Adjective and Noun Placement

  • In English, the adjective comes before the noun, for example “the red shirt”. Spanish flips the order, placing the noun first, followed by the adjective, “la camisa roja”. When teaching Spanish-speaking English Language Learners, you may notice they apply Spanish adjective and noun placement to the English language and say “the shirt red”. In addition, Spanish considers adjective and noun agreement. Adjectives are modified to fit with the gender and number of the noun, such as “las gatas negras”. The adjective reflects that there are several female cats. Using the English language, one would simply state, “the black cats”. With VocabularySpellingCity, teachers can assign adjective word lists.
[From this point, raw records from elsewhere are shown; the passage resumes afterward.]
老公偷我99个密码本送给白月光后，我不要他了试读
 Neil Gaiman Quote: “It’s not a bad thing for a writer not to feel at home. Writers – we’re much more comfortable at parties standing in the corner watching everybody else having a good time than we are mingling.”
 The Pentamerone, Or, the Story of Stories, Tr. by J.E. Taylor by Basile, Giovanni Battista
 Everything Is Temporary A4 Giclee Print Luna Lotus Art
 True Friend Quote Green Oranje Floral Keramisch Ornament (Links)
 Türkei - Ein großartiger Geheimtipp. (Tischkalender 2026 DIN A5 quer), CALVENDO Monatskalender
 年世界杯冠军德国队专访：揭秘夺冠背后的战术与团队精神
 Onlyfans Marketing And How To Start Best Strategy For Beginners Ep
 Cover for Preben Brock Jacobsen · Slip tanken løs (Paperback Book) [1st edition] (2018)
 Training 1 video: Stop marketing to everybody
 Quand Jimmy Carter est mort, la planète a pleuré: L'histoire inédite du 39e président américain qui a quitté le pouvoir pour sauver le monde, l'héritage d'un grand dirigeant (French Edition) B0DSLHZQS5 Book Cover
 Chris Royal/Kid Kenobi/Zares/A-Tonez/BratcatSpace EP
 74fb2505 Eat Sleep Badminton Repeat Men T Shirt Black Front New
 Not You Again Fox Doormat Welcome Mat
Lists can be paired with Sentence Unscramble, which provides students the opportunity to hear appropriate English adjective and noun placement. The game even allows ELL students to practice word placement. Sentences are scrambled and students are asked to arrange the words in the correct order. When unscrambling, words are read aloud and immediate feedback is provided. Also, all words are placed in contextually rich sentences so ELL students hear proper noun/adjective and noun/verb agreement in every game they play.

Subject Omission

  • Spanish-speakers may be accustomed to omitting the subject of the sentence. In Spanish, the subject is not necessary, as the conjugated verb provides such information. For example, “comes comida” is understood as “you eat food” even though the subject “tu” has been removed. Spanish-speaking ELLs might mistakenly remove the subject and say “eat food”. English requires that the subject be stated in order to form a complete sentence. VocabularySpellingCity offers several interactive games and activities that expose ELLs to accurate sentence structure. Use the pronoun word list with FlashCards so students can hear each word used in a contextually-rich sentence.

False Friends

  • Cognates are a key tool in bridging the gap between Spanish and English, A cognate is a word that has the same derivation in a different language resulting in similar pronunciation and meaning. Up to 30-40% of words in English have a relative word in Spanish. ELL students may depend on the use of cognates to construct meaning, however, students should be cautious. “False friends” exist and may puzzle ELLs. False friends are a pair of words in two different languages that may look or sound the same, but differ in meaning. For example, the Spanish word “sopa” sounds and looks like the English word “soap”, but taking a bath with a bar of “sopa” would prove to be difficult. “Sopa” in Spanish means soup; “jabón” means soap. Increased exposure to cognate vocabulary words is proven to enhance ELLs’ ability in mastering the English language. VocabularySpellingCity provides a Spanish cognate word list to avoid any false friend confusion. The engaging game WhichWord? Definitions is perfect for cognate practice. Students can match the cognate to the correct definition. Both the word and the definition are read aloud.